(INPUT DATA Opens)
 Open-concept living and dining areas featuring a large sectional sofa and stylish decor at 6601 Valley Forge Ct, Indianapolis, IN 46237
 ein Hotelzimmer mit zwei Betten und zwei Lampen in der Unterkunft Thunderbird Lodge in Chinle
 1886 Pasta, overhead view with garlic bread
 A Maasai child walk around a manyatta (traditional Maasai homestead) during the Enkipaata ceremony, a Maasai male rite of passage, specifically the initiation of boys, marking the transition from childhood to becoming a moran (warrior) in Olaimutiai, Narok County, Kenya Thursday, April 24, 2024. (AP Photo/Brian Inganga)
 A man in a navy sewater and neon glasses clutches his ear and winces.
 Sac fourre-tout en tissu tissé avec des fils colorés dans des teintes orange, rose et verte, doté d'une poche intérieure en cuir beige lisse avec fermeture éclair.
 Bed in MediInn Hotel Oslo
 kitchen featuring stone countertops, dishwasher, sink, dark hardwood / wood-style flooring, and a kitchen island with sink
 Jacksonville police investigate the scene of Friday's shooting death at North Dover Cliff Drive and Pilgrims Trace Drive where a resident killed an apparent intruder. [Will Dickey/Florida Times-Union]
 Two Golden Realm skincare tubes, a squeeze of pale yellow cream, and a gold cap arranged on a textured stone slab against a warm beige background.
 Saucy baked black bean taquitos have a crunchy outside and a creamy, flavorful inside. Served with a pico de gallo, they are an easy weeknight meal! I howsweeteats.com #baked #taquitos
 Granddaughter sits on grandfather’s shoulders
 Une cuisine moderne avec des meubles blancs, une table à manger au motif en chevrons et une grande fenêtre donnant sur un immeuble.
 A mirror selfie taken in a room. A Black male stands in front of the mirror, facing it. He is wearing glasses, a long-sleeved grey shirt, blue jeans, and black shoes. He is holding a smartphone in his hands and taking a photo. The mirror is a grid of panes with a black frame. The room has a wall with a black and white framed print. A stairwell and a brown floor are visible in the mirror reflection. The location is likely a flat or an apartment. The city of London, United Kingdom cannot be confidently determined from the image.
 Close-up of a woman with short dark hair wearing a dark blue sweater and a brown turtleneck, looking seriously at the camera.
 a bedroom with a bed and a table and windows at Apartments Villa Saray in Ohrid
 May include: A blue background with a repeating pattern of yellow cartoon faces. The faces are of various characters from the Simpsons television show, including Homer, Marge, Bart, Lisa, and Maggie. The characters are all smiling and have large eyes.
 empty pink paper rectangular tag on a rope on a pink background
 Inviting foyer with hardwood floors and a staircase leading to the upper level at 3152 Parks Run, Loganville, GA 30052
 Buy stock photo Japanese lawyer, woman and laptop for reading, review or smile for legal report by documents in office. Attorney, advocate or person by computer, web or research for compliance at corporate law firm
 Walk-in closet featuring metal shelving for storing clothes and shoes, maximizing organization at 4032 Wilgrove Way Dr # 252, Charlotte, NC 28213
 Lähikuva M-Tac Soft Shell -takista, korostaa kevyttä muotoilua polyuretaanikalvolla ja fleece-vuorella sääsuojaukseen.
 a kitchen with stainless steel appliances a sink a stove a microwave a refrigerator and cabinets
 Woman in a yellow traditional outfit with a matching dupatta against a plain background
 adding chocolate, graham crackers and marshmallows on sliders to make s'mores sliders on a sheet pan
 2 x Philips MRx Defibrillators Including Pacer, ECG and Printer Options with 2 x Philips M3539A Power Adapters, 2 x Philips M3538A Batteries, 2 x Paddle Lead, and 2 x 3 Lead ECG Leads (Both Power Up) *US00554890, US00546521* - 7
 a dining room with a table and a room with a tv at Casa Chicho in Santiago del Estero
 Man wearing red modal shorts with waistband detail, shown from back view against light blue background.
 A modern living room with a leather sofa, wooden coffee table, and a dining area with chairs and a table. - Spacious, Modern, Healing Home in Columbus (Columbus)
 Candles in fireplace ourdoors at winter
(INPUT DATA Closes)
__YOUR ASSIGNMENT__.
Return word for word the line with "empty pink paper" and every line after it through the end of the records above.

__ANSWER TO THE EXERCISE__.
 empty pink paper rectangular tag on a rope on a pink background
 Inviting foyer with hardwood floors and a staircase leading to the upper level at 3152 Parks Run, Loganville, GA 30052
 Buy stock photo Japanese lawyer, woman and laptop for reading, review or smile for legal report by documents in office. Attorney, advocate or person by computer, web or research for compliance at corporate law firm
 Walk-in closet featuring metal shelving for storing clothes and shoes, maximizing organization at 4032 Wilgrove Way Dr # 252, Charlotte, NC 28213
 Lähikuva M-Tac Soft Shell -takista, korostaa kevyttä muotoilua polyuretaanikalvolla ja fleece-vuorella sääsuojaukseen.
 a kitchen with stainless steel appliances a sink a stove a microwave a refrigerator and cabinets
 Woman in a yellow traditional outfit with a matching dupatta against a plain background
 adding chocolate, graham crackers and marshmallows on sliders to make s'mores sliders on a sheet pan
 2 x Philips MRx Defibrillators Including Pacer, ECG and Printer Options with 2 x Philips M3539A Power Adapters, 2 x Philips M3538A Batteries, 2 x Paddle Lead, and 2 x 3 Lead ECG Leads (Both Power Up) *US00554890, US00546521* - 7
 a dining room with a table and a room with a tv at Casa Chicho in Santiago del Estero
 Man wearing red modal shorts with waistband detail, shown from back view against light blue background.
 A modern living room with a leather sofa, wooden coffee table, and a dining area with chairs and a table. - Spacious, Modern, Healing Home in Columbus (Columbus)
 Candles in fireplace ourdoors at winter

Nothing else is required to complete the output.